(Records provided Opens)

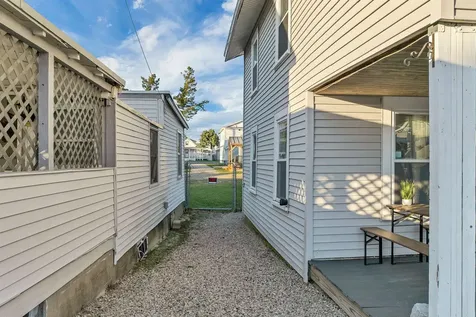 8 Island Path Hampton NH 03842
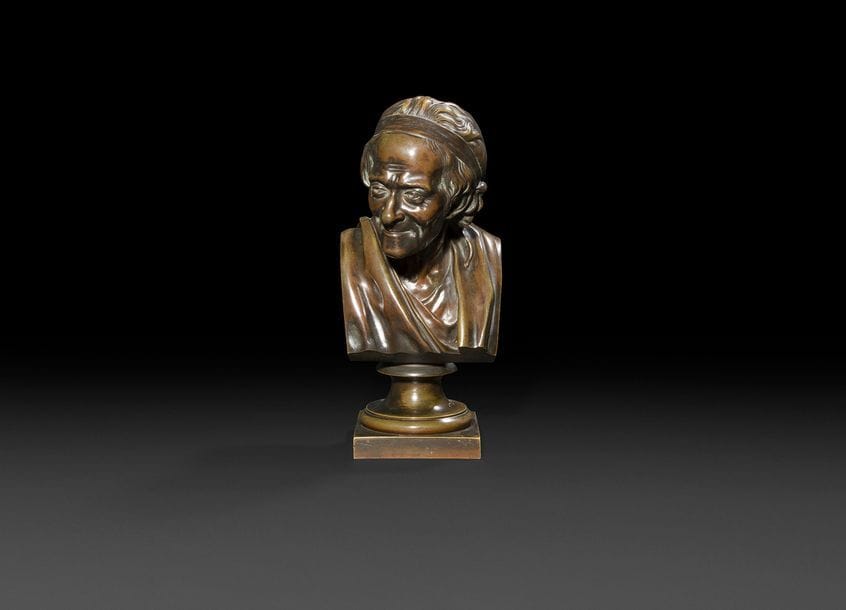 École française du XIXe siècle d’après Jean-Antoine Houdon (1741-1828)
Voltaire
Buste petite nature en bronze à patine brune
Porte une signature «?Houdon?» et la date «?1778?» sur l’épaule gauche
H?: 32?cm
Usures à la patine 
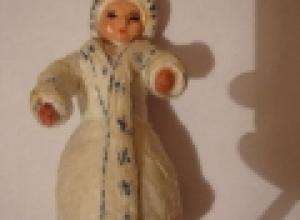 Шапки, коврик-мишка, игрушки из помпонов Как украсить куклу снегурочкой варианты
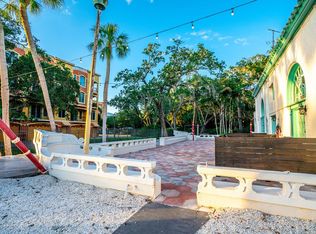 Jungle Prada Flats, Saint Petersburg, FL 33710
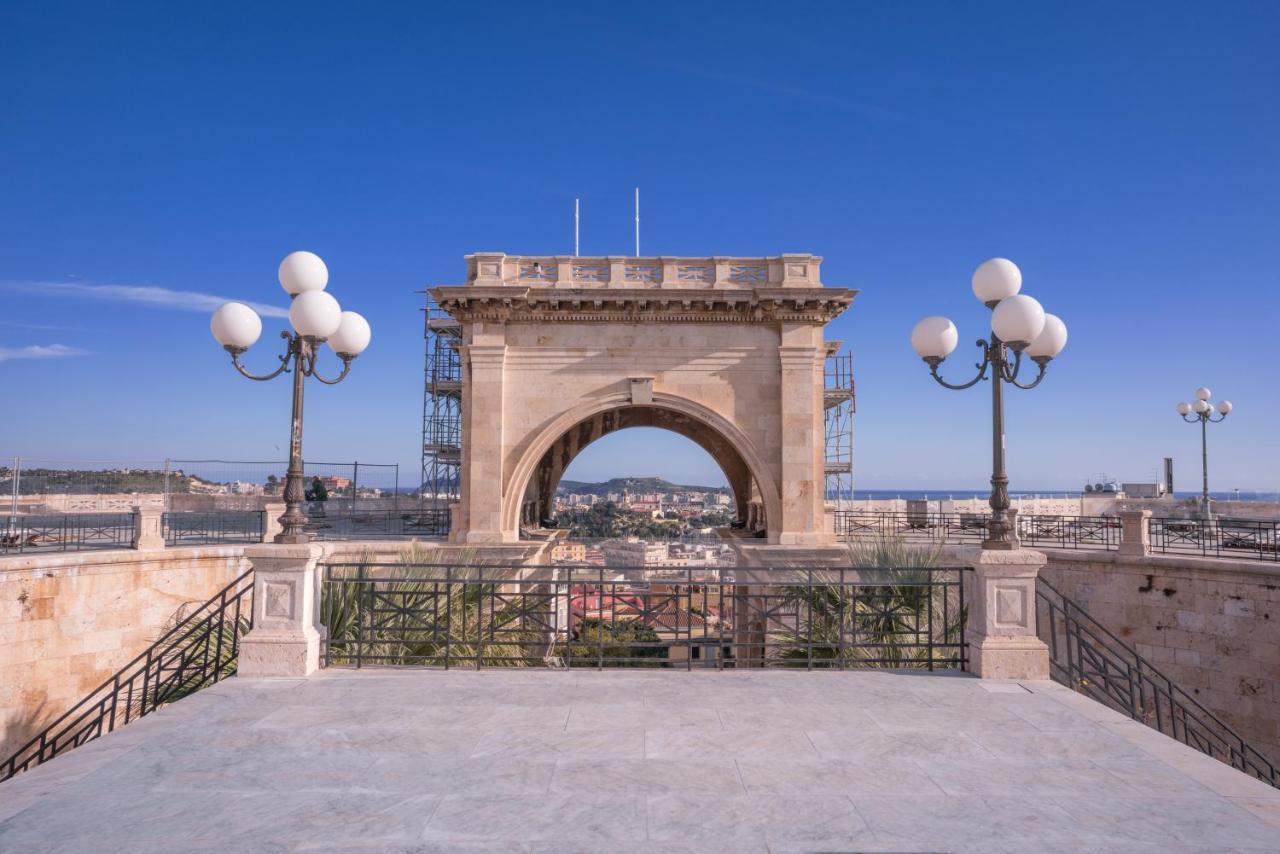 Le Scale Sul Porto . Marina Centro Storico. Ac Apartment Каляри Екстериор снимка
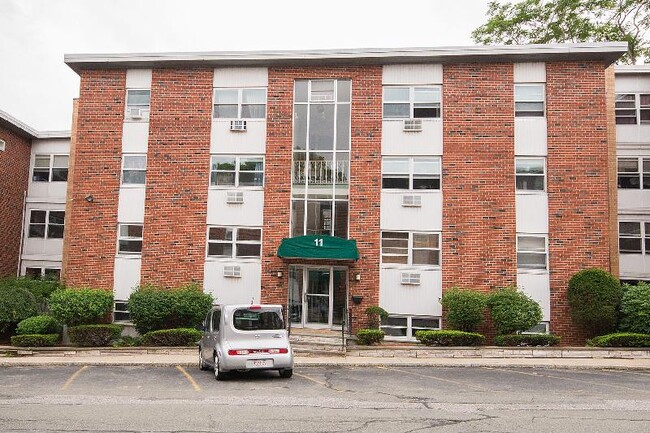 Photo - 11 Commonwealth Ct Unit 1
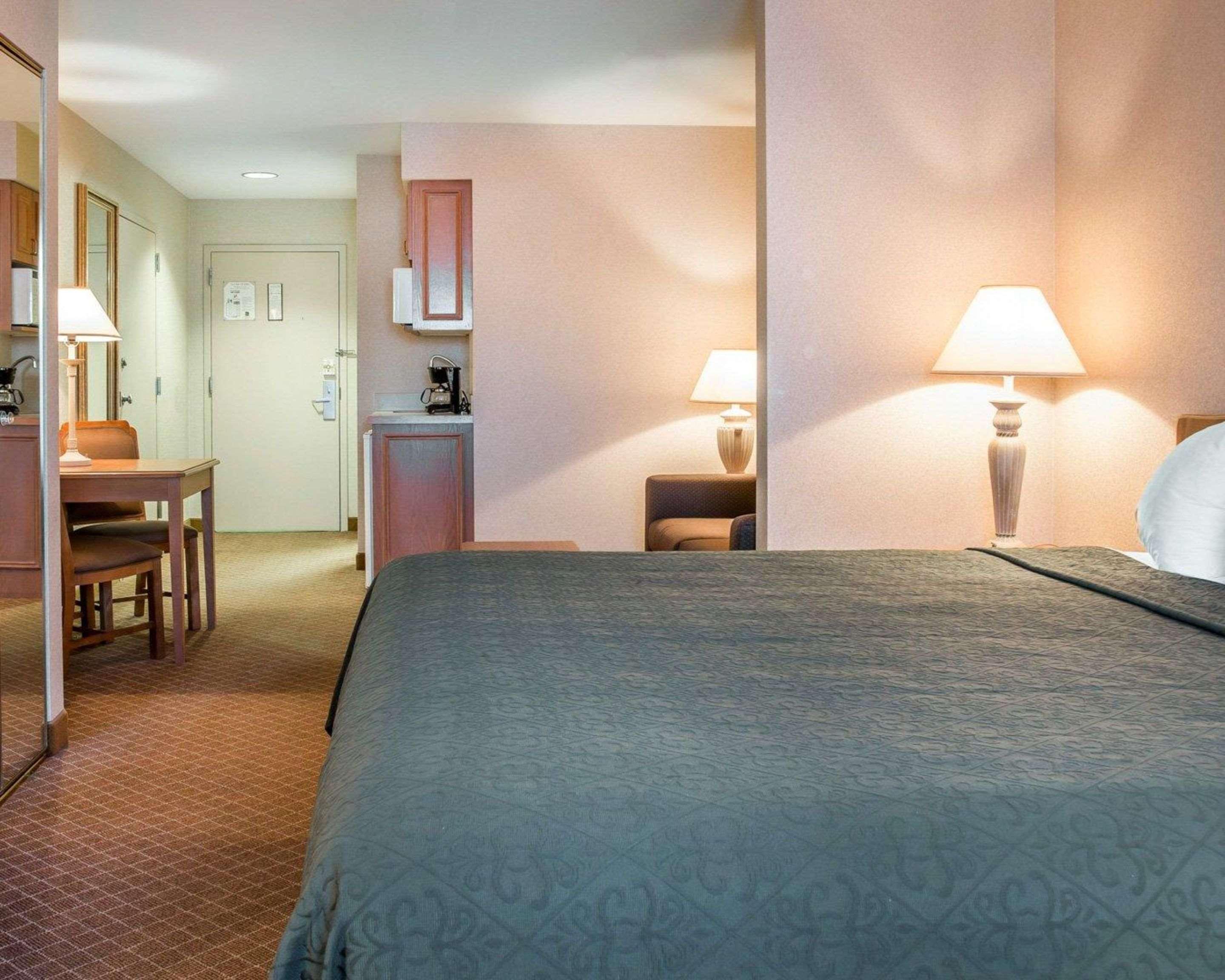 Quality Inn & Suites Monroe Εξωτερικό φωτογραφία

(Records provided Closes)
(Records provided Opens)

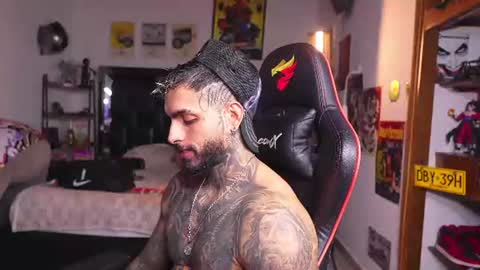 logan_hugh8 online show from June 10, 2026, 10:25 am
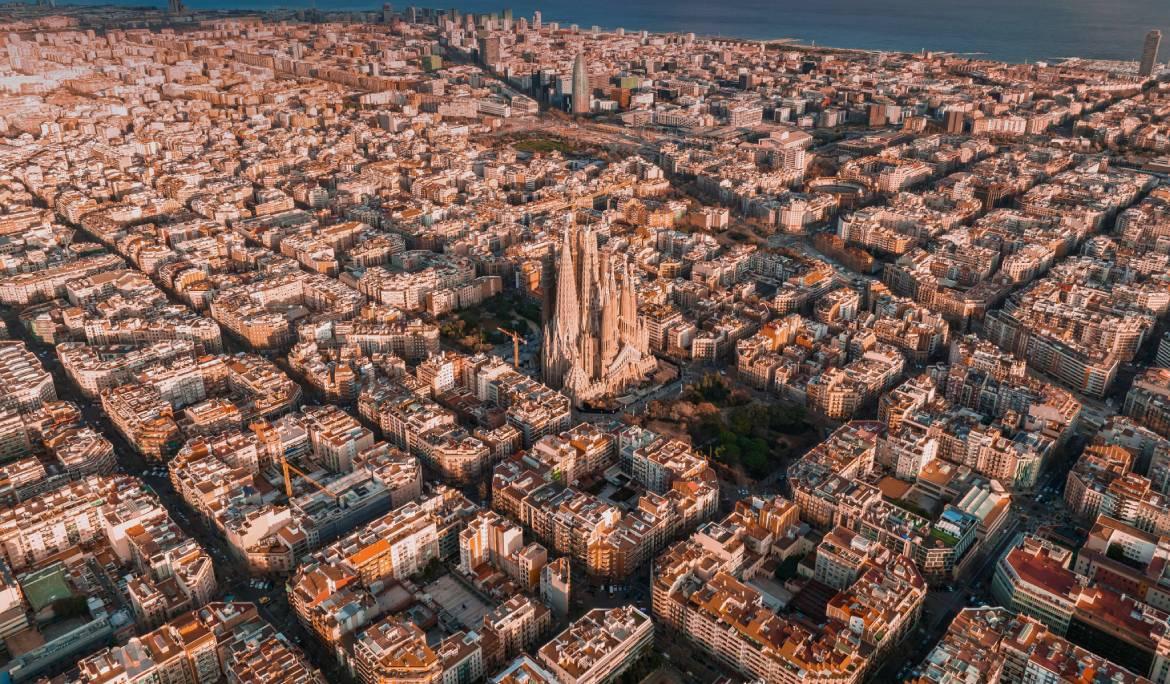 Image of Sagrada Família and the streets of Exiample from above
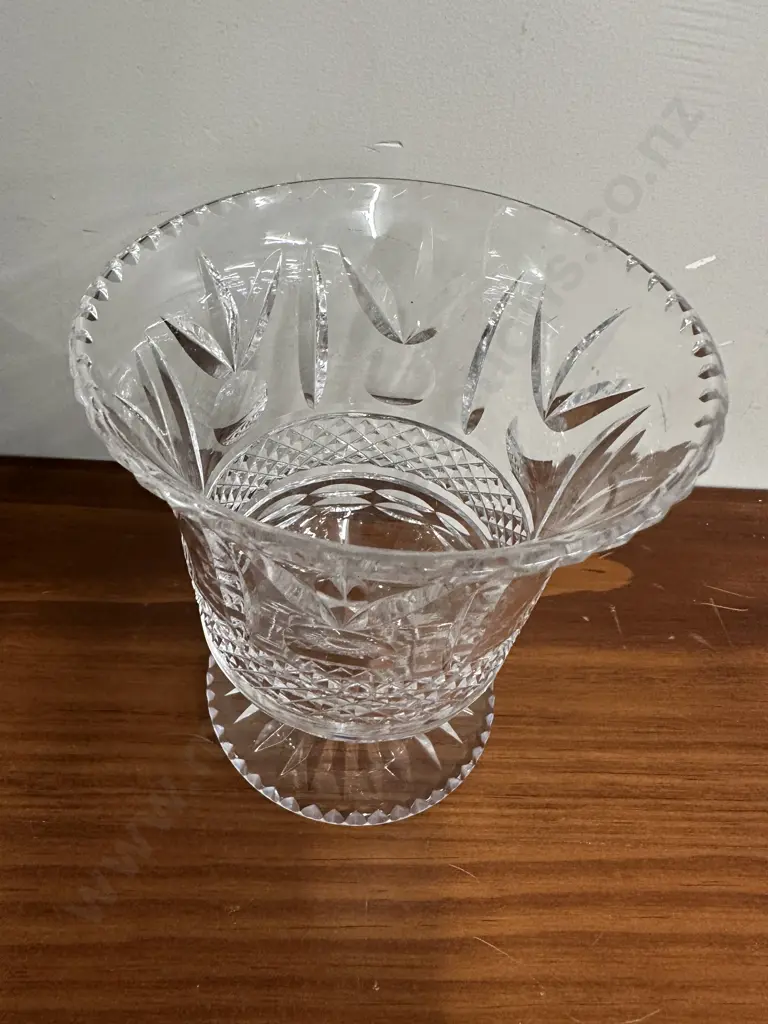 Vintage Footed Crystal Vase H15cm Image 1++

(Records provided Closes)

Reproduce exactly the lines above that run from the one with "Шапки, коврик-мишка, игрушки" to the one with "Quality Inn &", both included, leaving pictures out.

 Шапки, коврик-мишка, игрушки из помпонов Как украсить куклу снегурочкой варианты
 Jungle Prada Flats, Saint Petersburg, FL 33710
 Le Scale Sul Porto . Marina Centro Storico. Ac Apartment Каляри Екстериор снимка
 Photo - 11 Commonwealth Ct Unit 1
 Quality Inn & Suites Monroe Εξωτερικό φωτογραφία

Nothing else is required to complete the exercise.